I think i found the problem, when host goes down in 5.5 nagios constantly recheck every 1 minutes, tottaly different than in 5.4x. As you can see from atachement, this host is down for more than 4 hours and nagios still checking it on one minute interval. Thats tottaly opposite from config where check interval is set to 15 minutes. Like in 5.5 retry interval constantly check for down hosts and services, and this is real problem for setups that have more than 10.000 checks.
When i restore to previus version everything is ok with load, checks and XI works fine.
I can confirm we're also seeing a massive increase in the CPU load after the 5.5 upgrade. ~13k checks here with around 500 being down or unreachable at any given time. CPU load has quadrupled.
tgriep wrote:Can you run the following commands as root and post the output to the forum so we can see what is taking the most processing at this time?
This isn't yet resolved, still is the same problem. Even with ok load, XI is unusable. I explained in the first post, when config is applied XI needs to much time to be back in normal state, also XI isn't doing checks in proper time. Check are late for about 30 minutes.
Also i need to much times to kill and restart nagios process via cli, when i restart process it's a little better, but thats not a proper solution.
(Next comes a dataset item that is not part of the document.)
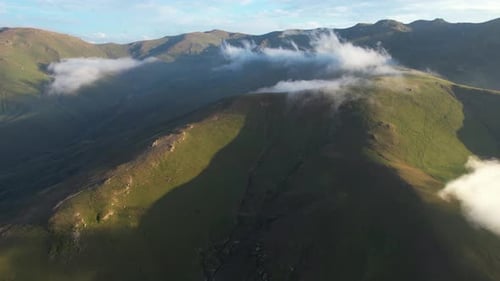 Lush Mountains and Rolling Hills Aerial View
nik.vu wrote:I think i found the problem, when host goes down in 5.5 nagios constantly recheck every 1 minutes, tottaly different than in 5.4x. As you can see from atachement, this host is down for more than 4 hours and nagios still checking it on one minute interval. Thats tottaly opposite from config where check interval is set to 15 minutes. Like in 5.5 retry interval constantly check for down hosts and services, and this is real problem for setups that have more than 10.000 checks.
nik.vu,
This is a known issue we are working to get a resolution out soon in a 5.5.1 release, I would suspect late this week or early next.